4. Yes this is measured comparing to the initial distribution of returns. Do you have any preferred methods to measure this ?

5. I do not understand this very well. What do you mean by neutral position returns ?

You’re right in that the MC technique we use is not universal and leads to problems when it is used in trading systems that violate some of the assumptions we make (such as a lack of strong serial correlations, multiple open positions, etc). Again, any suggestions you make for improvements will be most welcome. Thanks again for writing :o)

Best Regards,

Daniel

• Joe says:

“All samples have the same probability to be selected (why do you think this would not be the case?). ”

I wasn’t referring to the probability of an algorithm selecting the samples but of a trading system generating them. This is a basic problem MC simulators make.

“This is true, there is no serial correlation.”

This has to be shown for each case and not only assumed.

” This is also true, in our systems there is no trade overlap.”

Again, most systems overlap trades and because they do not generate them due to restrictions in the code that does not mean trades do not overlap. Think of long when SMA(5)> SMA(30). After the first trade there are also trades at every bar until the relationship reverses but backtesters only take the first signal.

“Do you have any preferred methods to measure this ?” [sampling error]

I wouldn’t know where to start:)

” I do not understand this very well. What do you mean by neutral position returns ?”

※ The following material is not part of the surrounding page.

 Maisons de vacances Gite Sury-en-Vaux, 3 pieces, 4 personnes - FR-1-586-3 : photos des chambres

I mean that some small change in the starting bar of the backtest can affect the position returns and the drawdown values in significant ways.

Hi Joe,

This has to be shown for each case and not only assumed.

Yes, this is true.

Again, most systems overlap trades and because they do not generate them due to restrictions in the code that does not mean trades do not overlap. Think of long when SMA(5)> SMA(30). After the first trade there are also trades at every bar until the relationship reverses but backtesters only take the first signal.

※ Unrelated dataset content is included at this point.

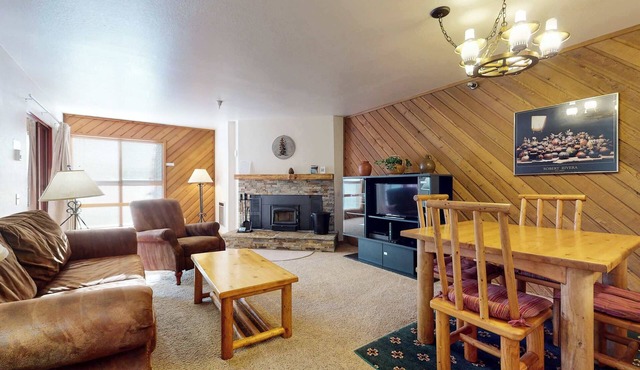 Aspen Creek Shared Amenities | Near Hiking!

At Asirikuy systems are coded without any trade chain dependency. This means that system signals are NOT dependent on the starting point. The systems act on all signals but new signals do not generate new trades but simply update the SL/TP values of the running trade. This means that results do NOT depend significantly on your startup point and you are acting on all existing trade signals (the system never ignores any signals). Signals that concatenate (a single trade that is composed of many update signals) generates a single result whose outcome is taken into account into the distribution of returns, therefore the MC simulation completely accounts for this concatenation of signals. However there is never trade overlap (there is only one position open at any given time) and no signals are ever ignored (all signals generate either new positions -if no positions are opened – or an update of the system exit SL/TP values).

I mean that some small change in the starting bar of the backtest can affect the position returns and the drawdown values in significant ways.

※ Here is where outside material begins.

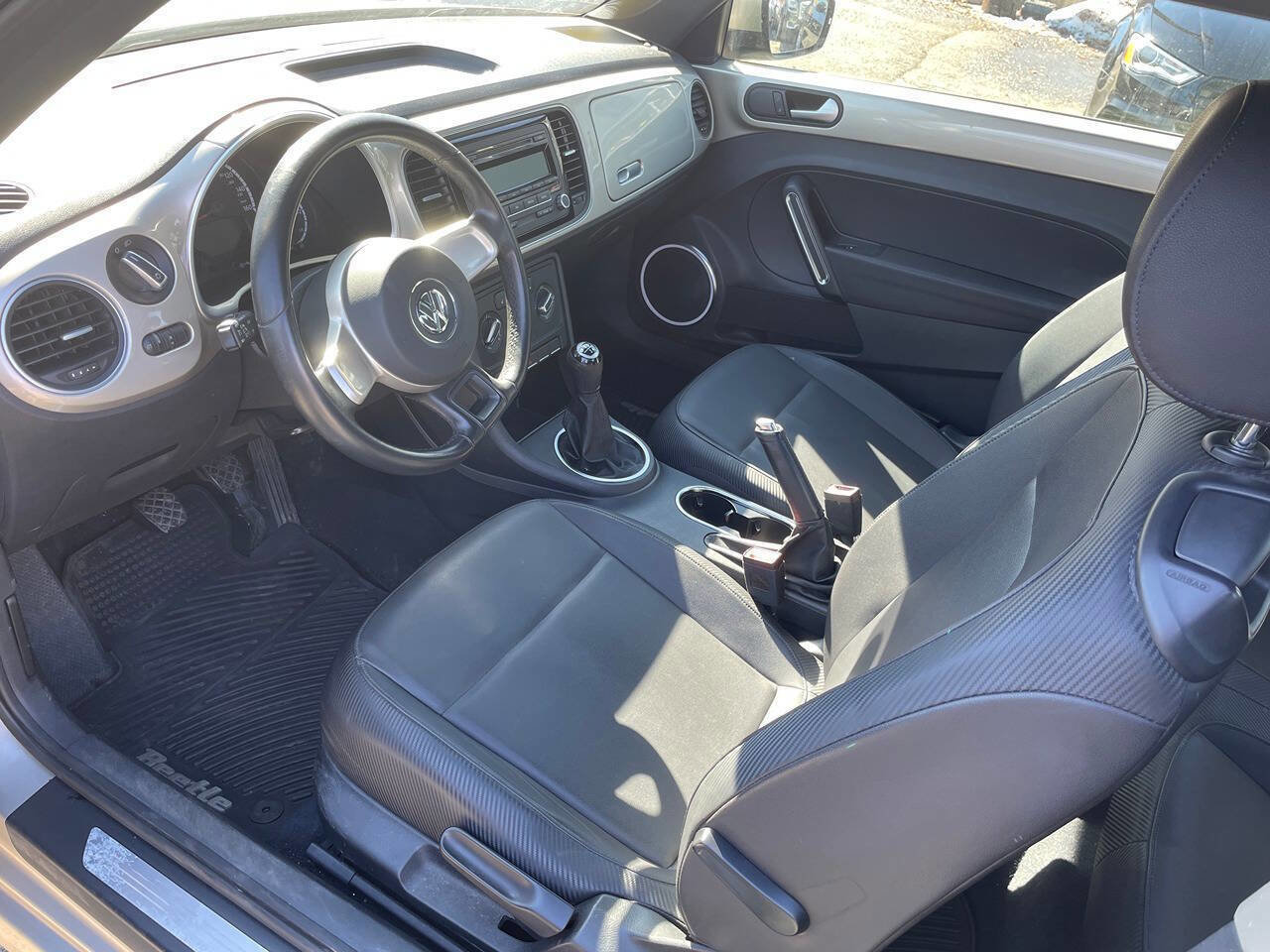 Used 2013 Volkswagen Beetle 2.5 image 13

Asirikuy systems – as I mentioned above – are coded to completely avoid this. Changing the starting point doesn’t change system statistics in any significant way.

So, please consider that Asirikuy systems are a specific group of strategies coded around some key principles that have served to guide our development of MC simulations. You’re right in that this should be clearer on future posts as obviously my conclusions here do not apply to “all systems” but merely to those we have developed. I hope this clears things up :o)

Best Regards,

Daniel

3. Joe says:

Thanks. Still you avoided to answer the first point in that when you sample the trades in the MC you assume equal probability of these samples. As I said although you are sampling with equal probability this is NOT equivalent to the samples having equal probability of occurring in the market. Before you can average statistics you must prove that ALL these samples have the same probability of occurring in the market. Unless this is true, the fundamental assumption of MC is violated and the results may be worthless.

4. Fd says:

Just found a scientific paper about forecasting maximum DD:
http://papers.ssrn.com/sol3/papers.cfm?abstract_id=2049584

The author also investigated how the max. exp. dd changes depending on the level of serial correlation.